What the task requires
Set down the full listing below word for word; pictures stay out of the copy.
BEGIN Source data
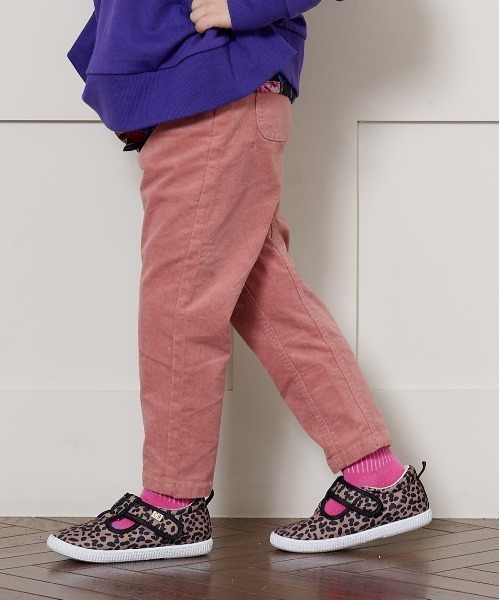 BIG FIELD（ビッグフィールド）の「コールテンマチツキテーパードパンツ（80～150cm）（その他パンツ・キッズ・カーキ/ピンク/チャコール/ネイビー/イエロー/サンドベージュ・80/90/95/100/110/120/130/140/150）」の6枚目の写真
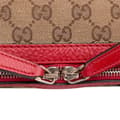 Miniatyrbilde 8 av 10: Pre-owned Gucci GG Canvas Bella Satchel Brown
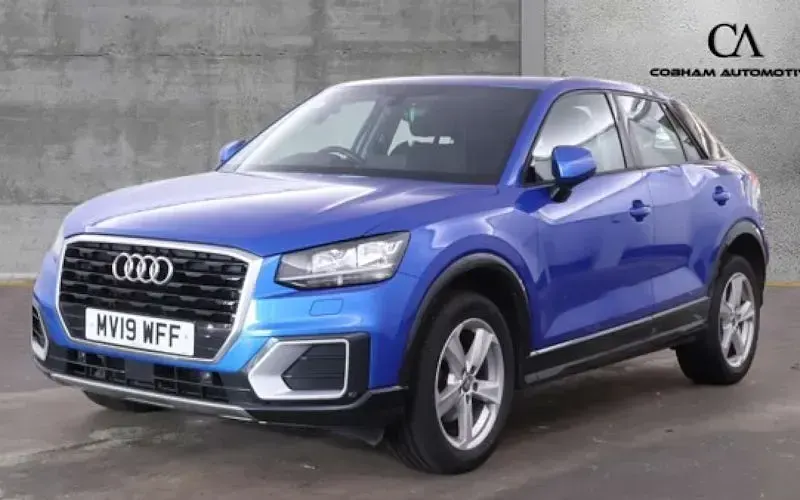 Used Audi Q2 Sport 116 HP (85 kW) 2019 Blue SUV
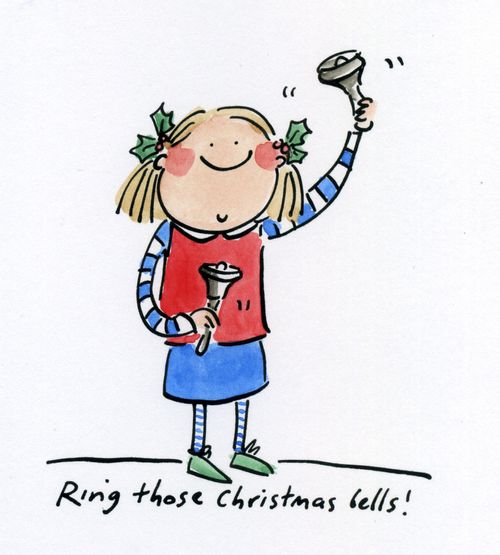 Ring those Christmas bells!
END Source data
Output for this task
 BIG FIELD（ビッグフィールド）の「コールテンマチツキテーパードパンツ（80～150cm）（その他パンツ・キッズ・カーキ/ピンク/チャコール/ネイビー/イエロー/サンドベージュ・80/90/95/100/110/120/130/140/150）」の6枚目の写真
 Miniatyrbilde 8 av 10: Pre-owned Gucci GG Canvas Bella Satchel Brown
 Used Audi Q2 Sport 116 HP (85 kW) 2019 Blue SUV
 Ring those Christmas bells!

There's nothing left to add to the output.